Ok you may now be thinking 'OMG - this project is way too expensive for me' ..... Well, if that is the case, I'd have to say you're probably wrong. The CNC engraving machine which I hacked is relatively cheap, especially if you buy it direct from China (it comes as a flat pack kit). Also, there's no automation so no computer or G code is required.
This is a manually operated machine - an array of sliders, knobs and buttons are used to pick up, move the components and place them - so its all done through finger action by looking at a small video screen for the microscopic facility.
The actual CNC parts come from an engraver kit which itself is relatively cheap and easy to assemble. The PCB is easy to assemble and, of course, has no SMT parts. Seriously, if your hands aren't steady enough to work with SMT components or you just don't want to mess up a complicated board fabrication then this machine might be the solution.
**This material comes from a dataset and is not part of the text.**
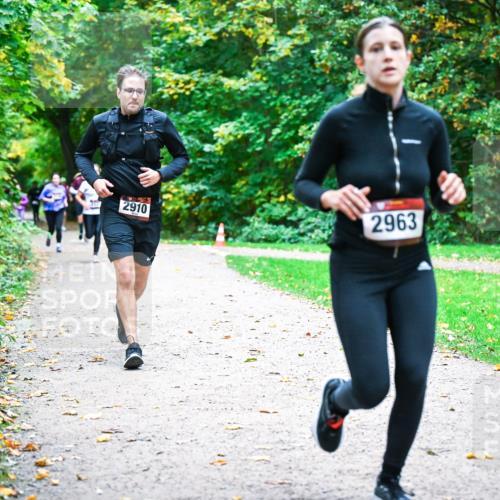 12.10.2025 - Bramfelder Halbmarathon 2025 Dr. Thomas Lammeyer http://msf.ph/oto/9354080 12.10.2025 10:49:07 Laufen 2910, 2963 meine-sportfotos.de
Here's one example: You want to use the best performing, most cost effective components and you're either a novice or slightly disabled like me. You've got a PCB requiring 50 SMT components and you paste on the solder through a stencil and start assembling the most difficult components first with a set of tweezers and a large lump of luck. At the tenth component, you accidentally smudge the solder by inaccurate positioning and have to start all over again from scratch. This is really no fun at all!
Here's a second example: Today I wanted to build up an RF band pass filter PCB. I've been using a piece of software to design the filter and checking the tolerances required on the components before I order them. After fiddling about with the numbers for a while, I realised that some of the components need to be very tight in terms of tolerance ..... and guess what ...... they're only available in 0402 package at decent tolerances, which means the component is 1mm long! Tweezers? ..... Forget about it!
You might be wondering 'why go all through the trouble of making a custom PCB controller?' Which is a valid question since there are many solutions for 3 axis CNC controllers out there, but ......... We need four axes! After spending nearly a whole day looking for proper 4 axis controllers, whether GBRL or PC driven or whatever, I continually hit a blank wall. I really could not find a simple 4 axis CNC controller and found it astonishing that the was no readily available solution. The fourth axis is needed to rotate the SMT component, or otherwise we would have to manually rotate the PCB that's being populated which would be a major pain in the proverbial.
My solution: design and build a simple 4 axis controller with nice big fat sliders for manual operation.